Fighterdiet Refeed Scares Me

My one year transformation with Fighterdiet.

Fighterdiet Refeed Notes

I tend to have a bit of a black or white mentality, I continue to work on this so to have a good relationship with food.  It is such a hard process for me as I can eat so much (bing eat) in breaking record time. 

During my transformation with Fighterdiet I have had phenomenal success.

I consider myself a person with good discipline and can eat the same thing for ever.  I measured and calculated every calorie and ate my allowed calories and no re-feeds for some time.  

But in order to progress and keep moving forward with my body goals I had to incorporate Re-feeds

They scare me and my fears of over eating uncontrollably come forward.  I tried on my own and failed.  So, together with Pauline we are working weekly to help me to get control over food during my Re-feeds. 

I must mention I am 100% on point with diet during the week, its just Re-feed days that i struggle with. 

My one year transformation with Fighterdiet.

So far we have tried a couple strategies and so I thought to share with you what has worked and what has not worked FOR ME.  

I was allowed 500 extra calories.
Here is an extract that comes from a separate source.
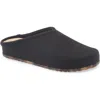 Rothys Rothy's Casual Clog In Black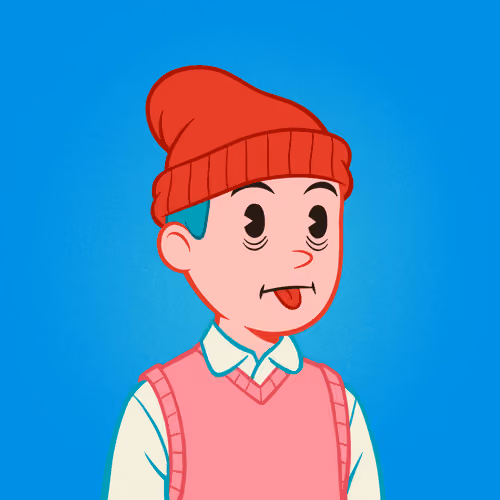 Scott_Bee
The first week I  just ate very little rice without measuring but I was 100% sure it wasn’t 500 calories, I was too scared to eat more and that it would turn into a  binge.  

The following week i felt stronger and was craving and wanting more rice, so Pauline suggested to replace my oat bran with rice which i did and went over board and ate too much rice. I love rice too much.  
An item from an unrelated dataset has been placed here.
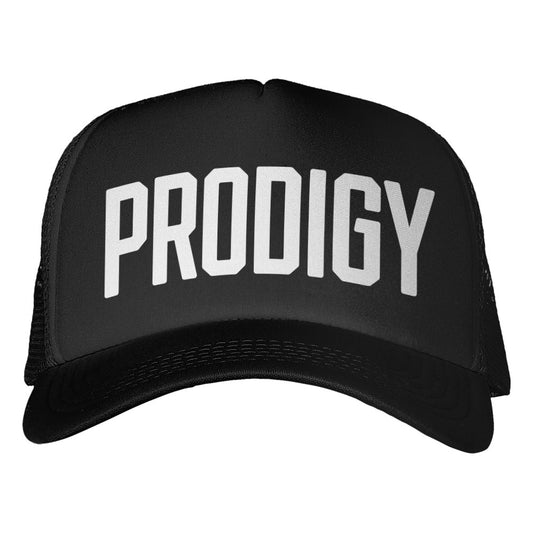 Prodigy Hat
I felt by not eating my allowed 500 calories the week before my brain felt more deprived and so as expected it turned into a rice binge.

The week after I had a guest and used excuses as to why i didn’t reach out before I binged and ate more than i should have with sweet treats.  

So, I was challenged to think of how and what I could  do to make sure i don’t exceed my 500 calories and so this is my plan for Sunday…

As I prepare my usual food i will also prepare my 500 extra calories and put aside so i know that is ALL i get to eat as my Re-feed and when its gone its DONE!  Pauline suggested to put my 500 carb calories into a different bowl so that it feels different than my normal weekly plate. Also to drink 1 L of water before my last meal of the day.

So come this Sunday I am going to implement the above plan and I can only choose from carb source, such as Rice, Bread, more oat bran, potato etc…. NOT a SWEET treat, god knows I could eat cake, chocolate and cookies for days.

So by not waiting to see what I feel like eating on my Re-feed day and having it prepared in advance then I will not be triggered to go look in the cupboards to see what 500 calories i can eat. 

I am going to master my cravings and my Re-feeds.

I hope this helps some of you FD sisters that may be struggling with Re-feed food control. 

Blog by: Nargess Vahdat

Start weight: 91 kg (200.2 lbs)
One year FD: 70.2 Kg (154.4 lbs)





New to Fighter Diet and Pauline? Try a Fighterdiet 12 week Challenge

* New meals to choose from.

* New workout program.

* 12 Week Transformation Challenge.

* Beginner and Advanced in same group. 

* Workout at home or in gym. 

* Day by day diet and workout plan. 

* Part of closed Facebook Group (Community).

* Fighter Diet Coaches there to help you. 

* Women only. 

* Pauline's weekly Facebook Live in the group.


Fighterdiet Challenge admission for our Spring Challenge is open!

Not only will you receive an ebook guide that includes a day by day diet and workout plan and cardio routines.

You’ll be part of an amazing community of like minded women and men on Fighterdiet’s private Facebook group where you’ll be free to upload photos, ask questions and communicate with Pauline herself, Figherdiet certiified coaches and all of the challengers participating.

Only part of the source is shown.